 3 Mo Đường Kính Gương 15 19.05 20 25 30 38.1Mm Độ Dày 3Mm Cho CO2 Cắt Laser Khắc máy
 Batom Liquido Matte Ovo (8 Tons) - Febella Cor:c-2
----------------------------------------
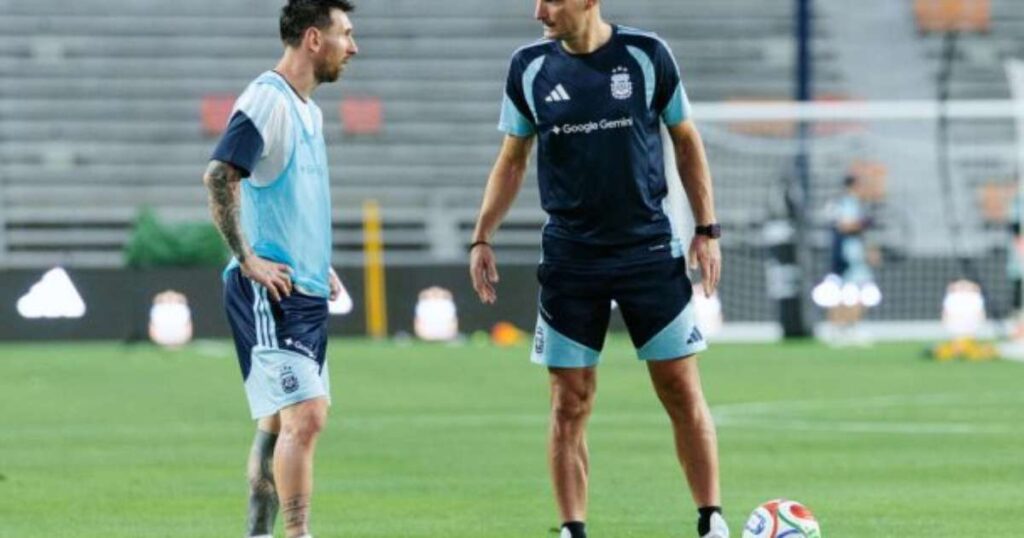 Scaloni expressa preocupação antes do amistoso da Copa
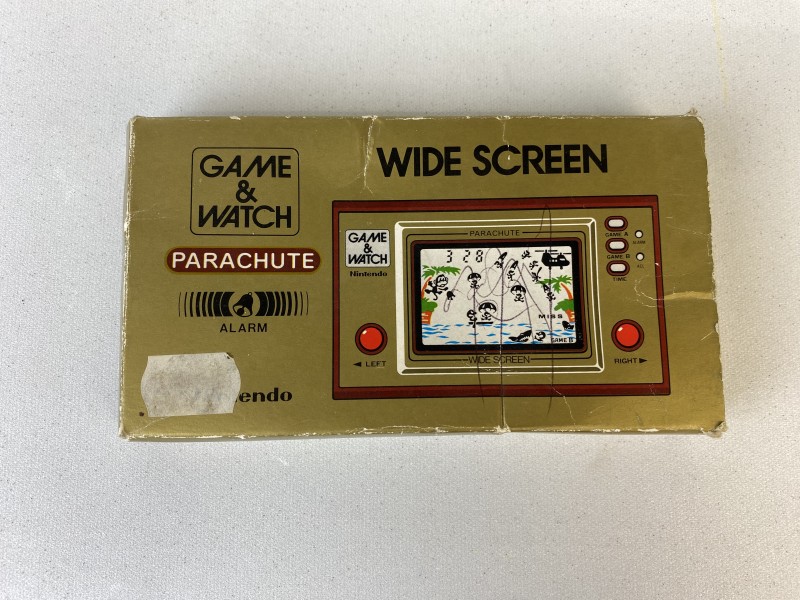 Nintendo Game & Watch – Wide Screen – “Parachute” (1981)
----------------------------------------
◆ Problem details
Pictures aside, return exactly the lines from the data above, starting at the line that has "Scaloni expressa preocupação" and ending at the line that has "Nintendo Game &", both included.

◆ Answer area
 Scaloni expressa preocupação antes do amistoso da Copa
 Nintendo Game & Watch – Wide Screen – “Parachute” (1981)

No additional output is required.